Sermon preparation truly is a joy and a blessing, but that joy and blessing comes through hard work, not apart from it. God shapes the preacher through His Word–through the difficult work of studying and understanding and applying that Word. I don’t think we do ourselves any favors by romanticizing it.
A Mediocre Sermon Can Be a Good Sermon
Here is one more lesson to add to my list: Even a mediocre sermon can be very powerful. There are sermons that are well-crafted and drawn straight out of the text; they carry vivid illustrations and work toward powerful application. In every way we measure a sermon, these ones hit the mark. Then there are sermons that are just plain mediocre. They aren’t bad and they aren’t unbiblical–they’re just average. Yet both of these sermons can be used by the Lord to bless his people. I’ve wondered why this is–why some sermons that I know just aren’t that good powerfully impact those who hear them. But it’s obvious why this is: because the source material is just so good. Even a mediocre sermon that is drawn from the Word of God is a sermon that has all the power of the Lord behind it.

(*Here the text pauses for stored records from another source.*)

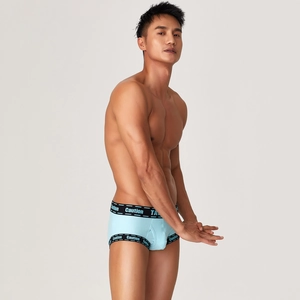 Close-up of light blue ribbed cotton boxers with Caution printed on the elastic waistband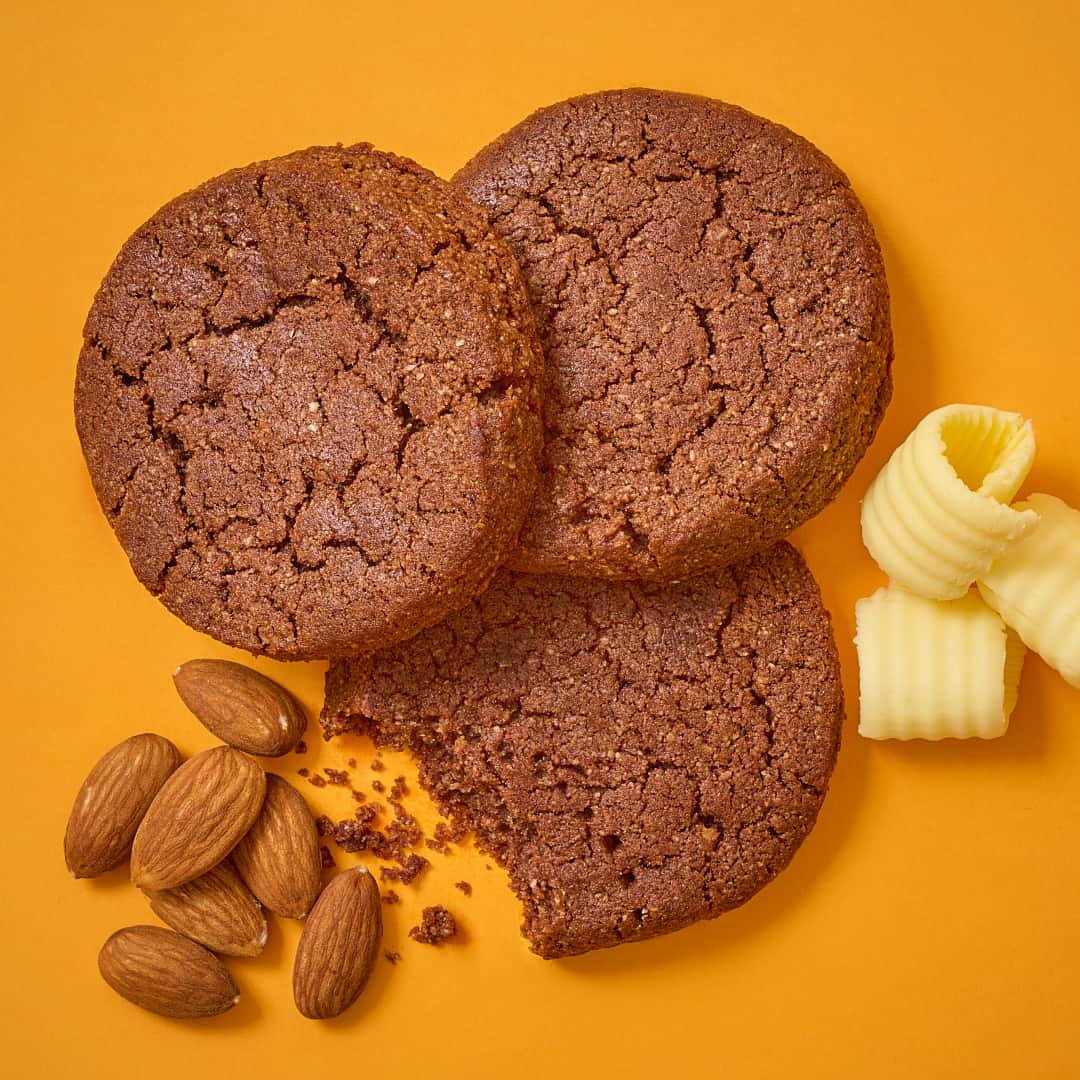 Keto Cookies - Choc - 1080 - V3 three keto choc cookies on an orange background with almonds and butter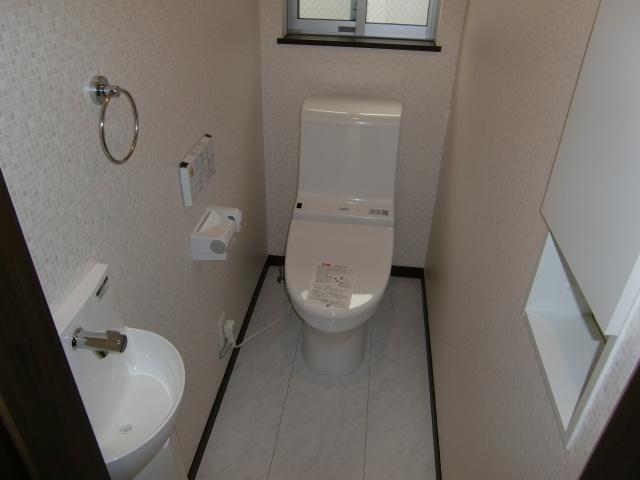 Toilet. It marked with a wall remote control and the bidet. Apart from the hand-washing type, There is also a niche storage.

Before I preached yesterday morning we sang “Speak, O Lord” and it was a challenge to me to ask if I was just mouthing the words or if I really believe them. Do I really believe that the Word of God can “shape and fashion us in Your likeness / that the light of Christ might be seen today / in our acts of love and our deeds of faith?” Do I really believe that God’s Word can generate within us “full obedience, holy reverence, true humility?” Do I actually believe that it can “test our thoughts and our attitudes / In the radiance of Your purity?” If God’s Word is all of that and if it can do all of that, there is just the slimmest difference between a mediocre sermon and the most brilliant, most objectively-correct sermon ever preached.